*The data*:
"""

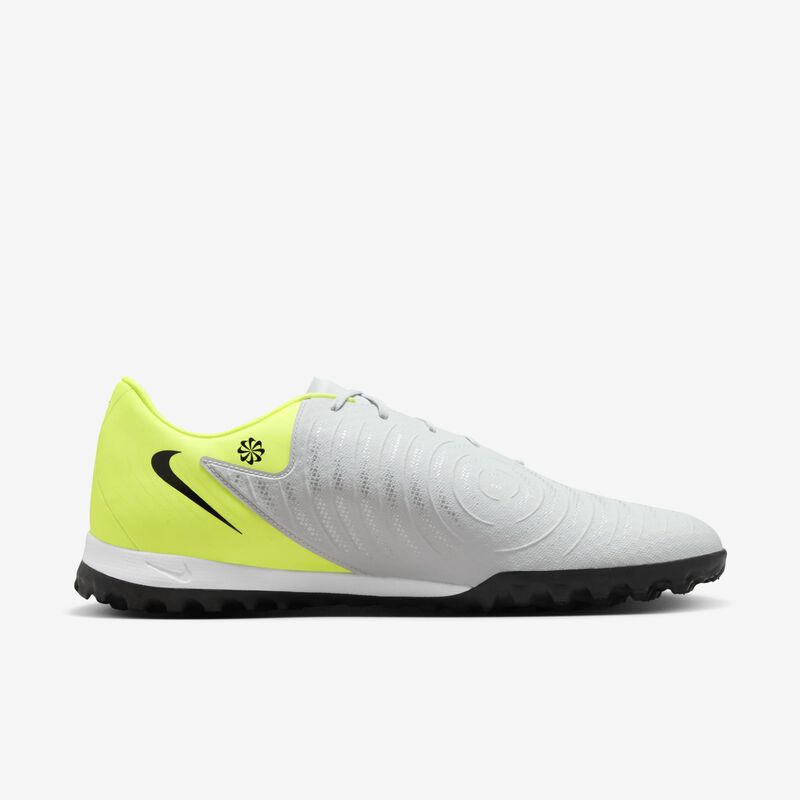 Nike Phantom GX 2 Academy, NEGRO, hi-res image number null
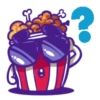 Emoji de cerveja 10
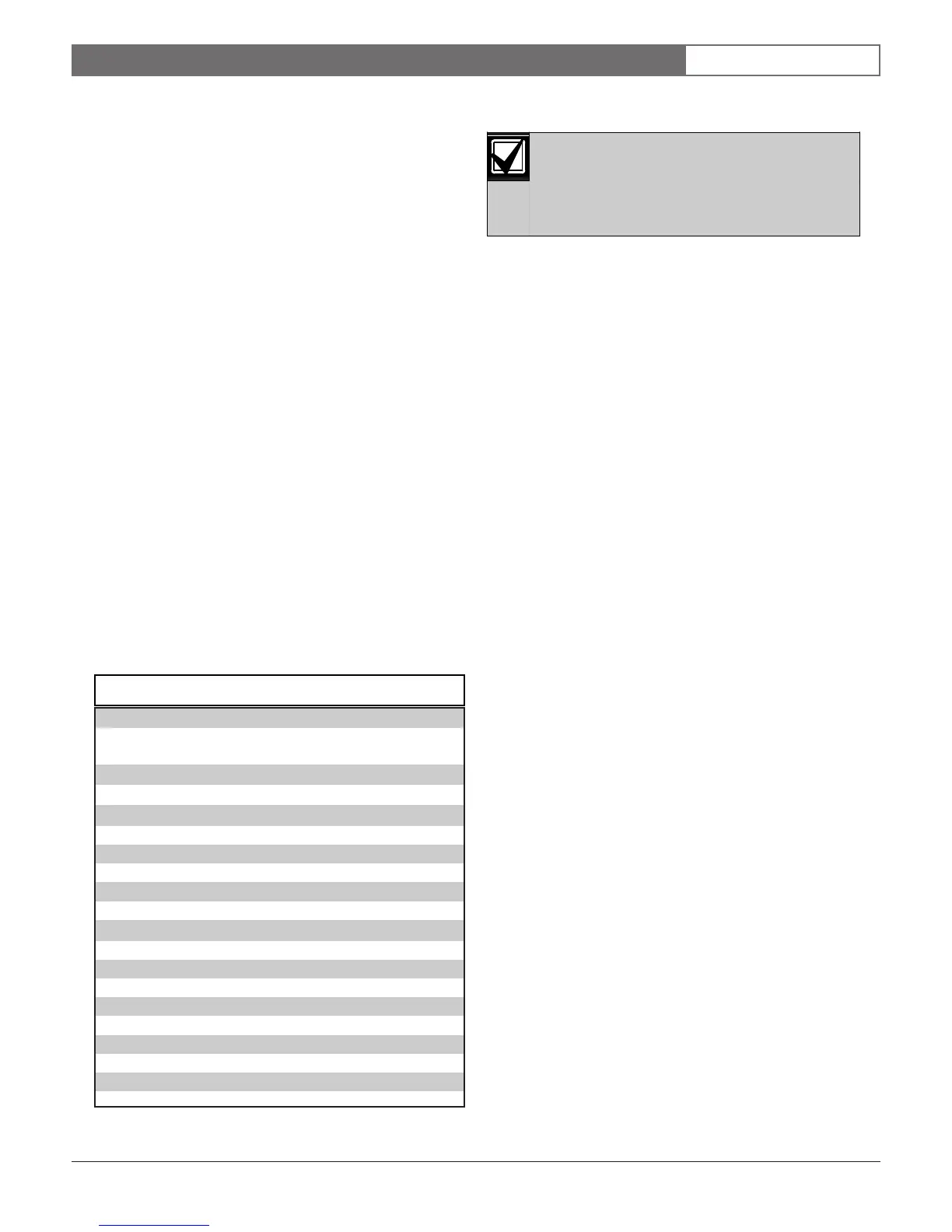Page #49 background image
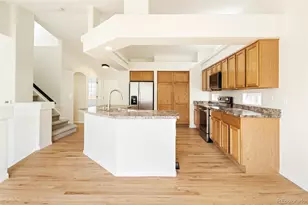 19926 E 40th Pl, Denver, CO 80249 - Photo 3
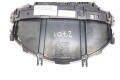 Панель приборов A2049003005   Mercedes-Benz CLK AMG A208 C208       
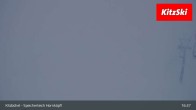 Archiv Foto Webcam Kitzbühel - Speicherteich Hornköpfl 04:00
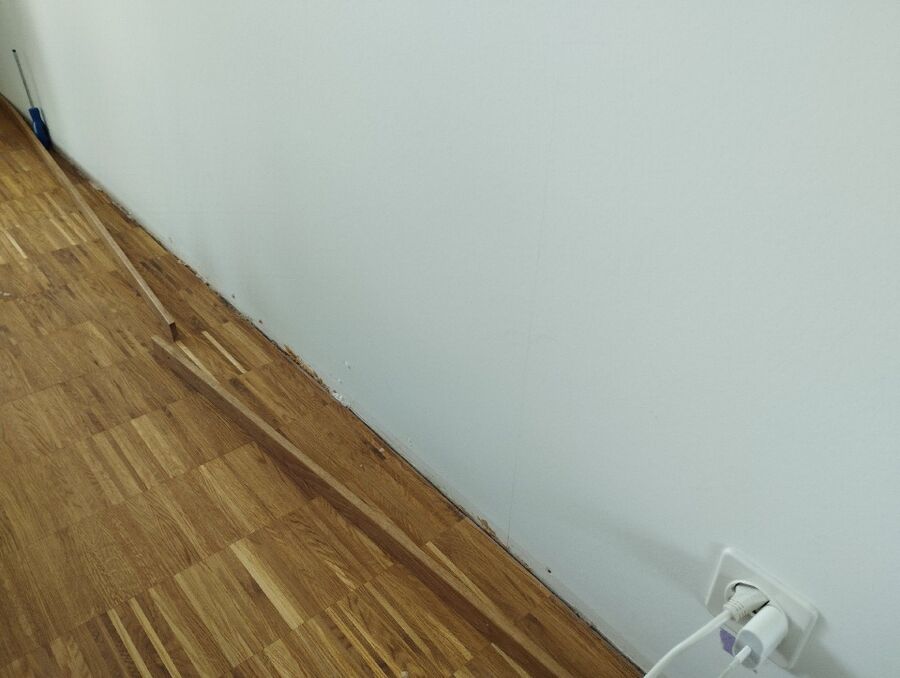 desinfestateur a-Damphreux-Inspektion.jpeg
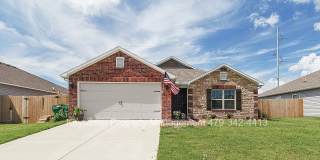 Beautiful Morningside Home for Rent Gallery 1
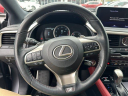 Thumbnail image of 2020 Lexus RX 350 at Greens Toyota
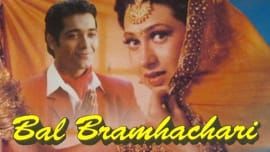 Bal Brahmachari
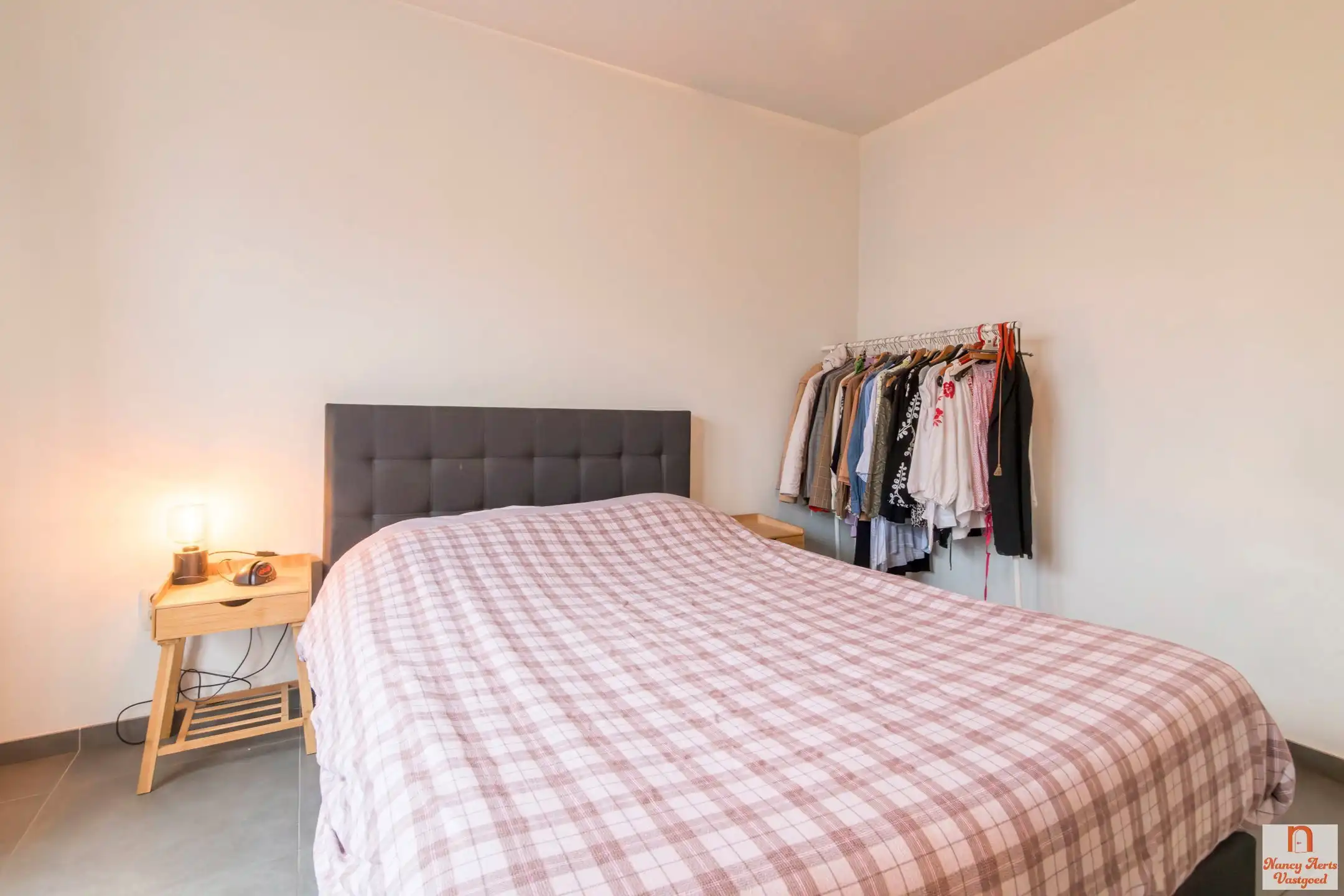 Kwalitatieve vastgoedinvestering met huurdersgarantie foto 46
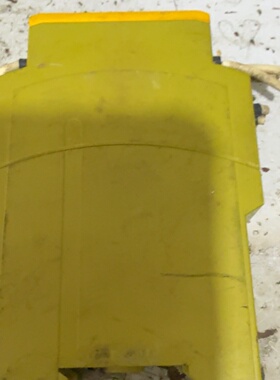 议价皮尔兹安全继电器PNOZX2型号77430议价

"""

*Problem requirements*: Your response should consist solely of the lines from the line with "19926 E 40th Pl, Denver, CO 80249 - Photo 3" through the last line of the entries above, printed exactly and without pictures.

*Solution for this task*:
 19926 E 40th Pl, Denver, CO 80249 - Photo 3
 Панель приборов A2049003005   Mercedes-Benz CLK AMG A208 C208       
 Archiv Foto Webcam Kitzbühel - Speicherteich Hornköpfl 04:00
 desinfestateur a-Damphreux-Inspektion.jpeg
 Beautiful Morningside Home for Rent Gallery 1
 Thumbnail image of 2020 Lexus RX 350 at Greens Toyota
 Bal Brahmachari
 Kwalitatieve vastgoedinvestering met huurdersgarantie foto 46
 议价皮尔兹安全继电器PNOZX2型号77430议价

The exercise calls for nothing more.